═════ Supplied information ═════

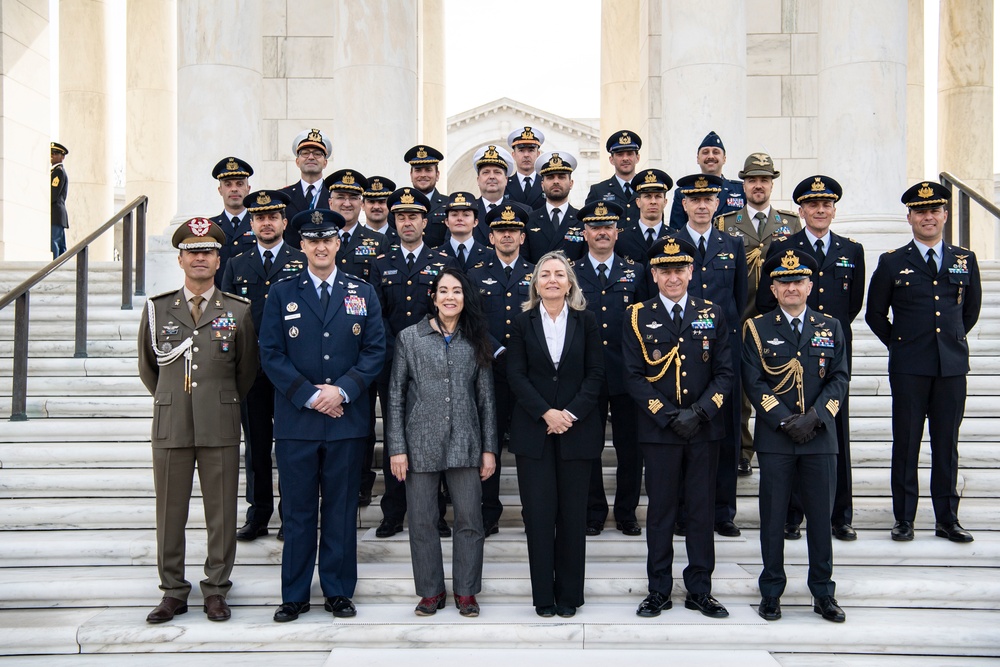 A Public Wreath-Laying is Conducted at the Tomb of the Unknown Soldier to commemorate the 100th Anniversary of the Foundation of the Italian Air Force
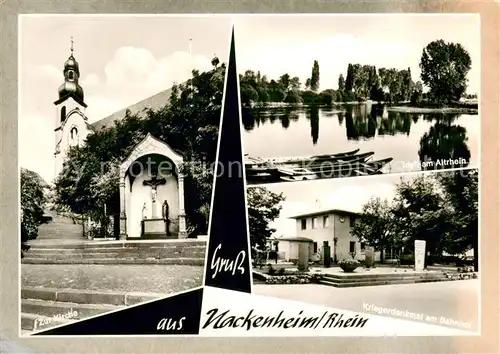 AK / Ansichtskarte Nackenheim Kirche Idyll am Altrhein Kriegerdenkmal am Bahnhof Nackenheim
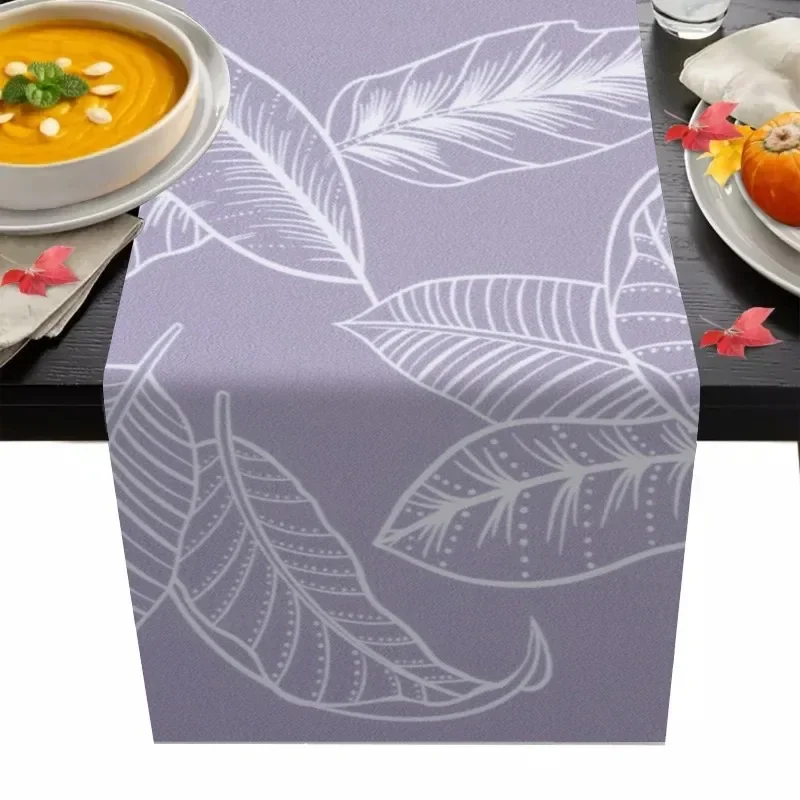 

Spring Summer Modern Minimalist Leaf Custom Table Runner Pattern European Home Kitchen Table Decoration Tablecloth Wedding Party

═════

- Assignment
Your task is to reproduce exactly the lines from the one with "AK / Ansichtskarte" to the end of the material, both included, with the pictures left out.

- Finished exercise
 AK / Ansichtskarte Nackenheim Kirche Idyll am Altrhein Kriegerdenkmal am Bahnhof Nackenheim

Spring Summer Modern Minimalist Leaf Custom Table Runner Pattern European Home Kitchen Table Decoration Tablecloth Wedding Party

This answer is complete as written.